Once again, this is a general reminder to carefully check the emails you get from supposedly legitimate sources. In this instance, Gmail quickly flagged the email as suspicious before it got to me, but in the case that it doesn’t or you use a different provider be sure to investigate the sender and NEVER click on links in emails.
This particular email wasn’t very crafty. Except through its use of an alarming subject line: “We apologize temporary your account will be limited”
You can see that the domain name from the sender is addmin-suport.info. Disregarding the fact that it’s not coming from paypal.com the suspiciously misspelled name is an obvious indication of something fishy. Add on to that the email is sent via sendgrid.me. When doing a google search one of the auto-complete results is “sendgrid.me scam”. It appears that it is a platform for sending large quantities of emails, which could be a service phishers might try to utilize to spread their lures. Be very careful when deciding on whether or not to open an email. It could result in a virus or having your credentials stolen along with your identity.
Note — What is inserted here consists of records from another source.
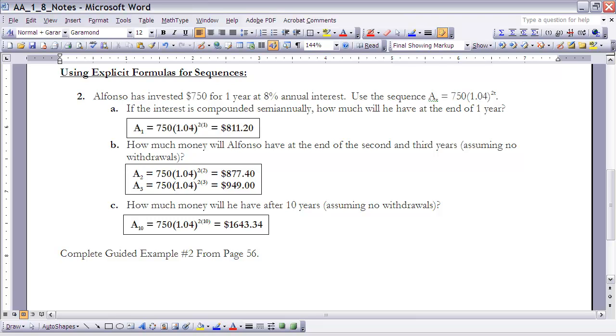Okay, so t is equal to the number of years that that money's been invested. So if you look at that formula, it makes a sequence based on years. So it says if the interest is compounded semi-annually, how much will he have at the end of one year? Okay, so if that's the case, that would be the value of the sequence at a sub 1. So we're going to say 750 times 1.04 raised to the 2 times 1, because t is 1. Well, if I do that and I plug that into my calculator, you'll find that that's $811.20.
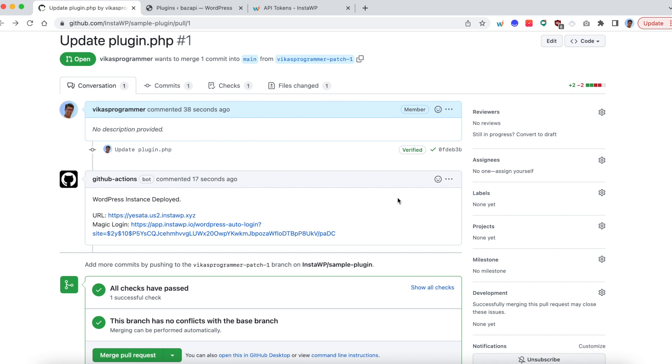So hopefully this will make your development process easier by automating the testing part. And if you have any questions, reach out to our support.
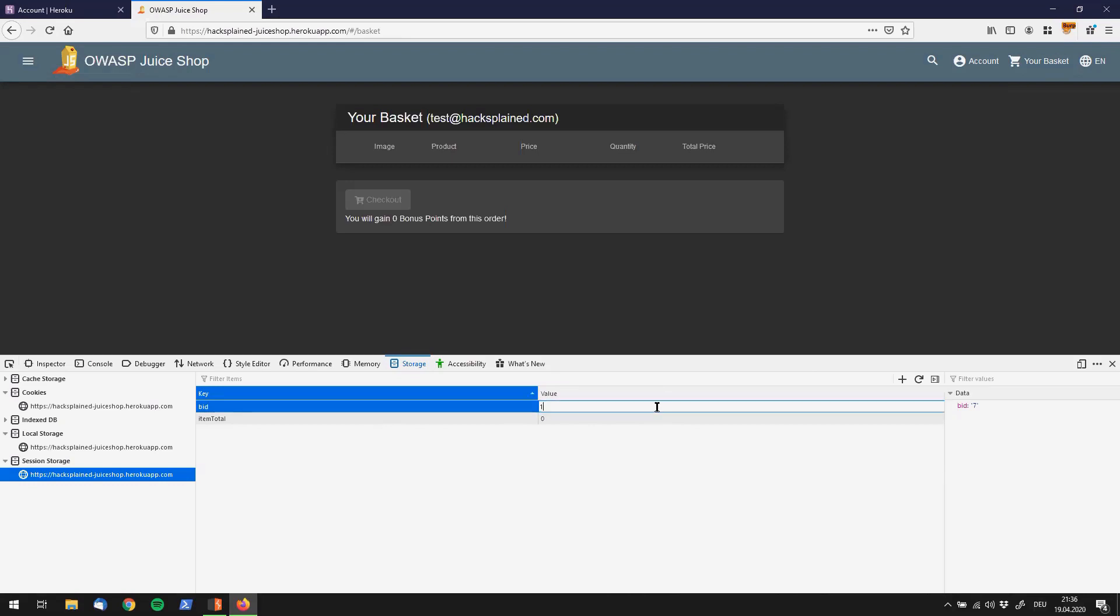So what happens if we take this value and, for example, try to check out basket 1? You see that the value gets updated right in here, but it didn't really change anything. So what happens if we reload this page?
Verify senders and when possible, visit the site by on your own without clicking the link.
Without proper security, email addresses can be spoofed, however in this particular message the sender could not spoof the address. Instead he/she/it made the sender’s name PayPal in the hopes of fooling users. If you want to check out the sender information yourself in gmail you can click the more down arrow and select “show original”. This will show the email headers as well as urls completely exposed.
Furthermore and more importantly, the URL to paypal does not link back to PayPal. Instead it links to paipals . com which is designed to steal your credentials.
We see how phishing emails designed to steal credentials are getting more crafty, attempting to trick users into logging in to a fake PayPal page with alluring messages. Be aware.